--- EXERCISE INPUTS ---
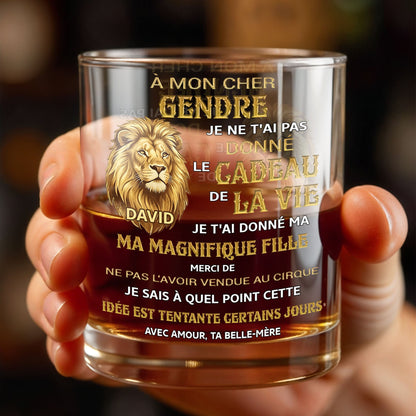 À Mon Cher Gendre Lion Art Gift For Son In Law - Personalized Custom Whiskey Glass - SILA124_RWG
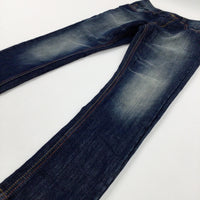 Dark Blue Denim Jeans With Adjustable Waist - Boys 10-11 Years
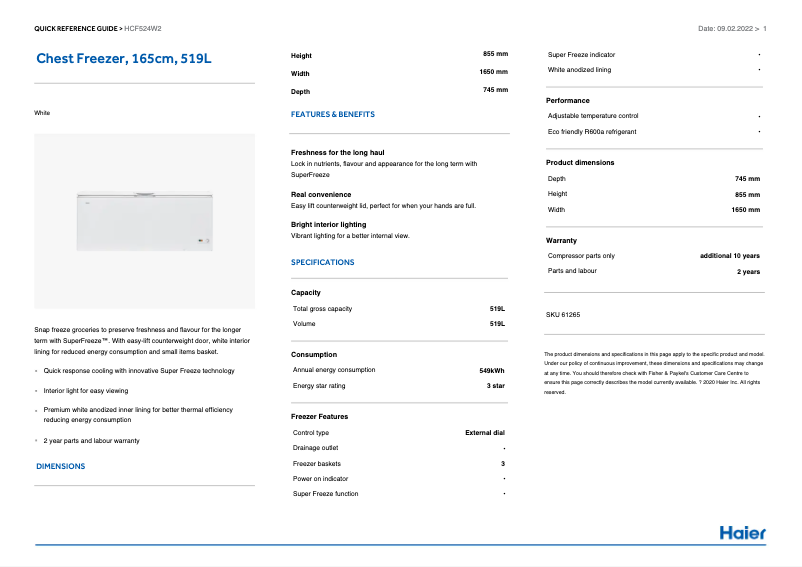 Page n°1 - Fiche technique Haier HCF524W2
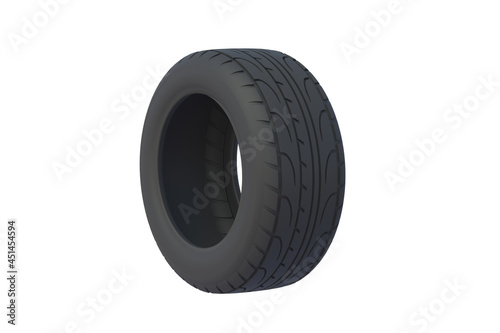 Car rubber tyre isolated on white background. 3d render © OlekStock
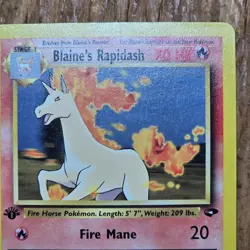 🔥Blaine’s Rapidash Pokemon Card 33/132 Gym Challenge 1st Edition Non-Holo -LP - Image 3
---
## TASK:
Copy out every entry above verbatim. Leave each picture out.

## PROBLEM SOLUTION:
 À Mon Cher Gendre Lion Art Gift For Son In Law - Personalized Custom Whiskey Glass - SILA124_RWG
 Dark Blue Denim Jeans With Adjustable Waist - Boys 10-11 Years
 Page n°1 - Fiche technique Haier HCF524W2
 Car rubber tyre isolated on white background. 3d render © OlekStock
 🔥Blaine’s Rapidash Pokemon Card 33/132 Gym Challenge 1st Edition Non-Holo -LP - Image 3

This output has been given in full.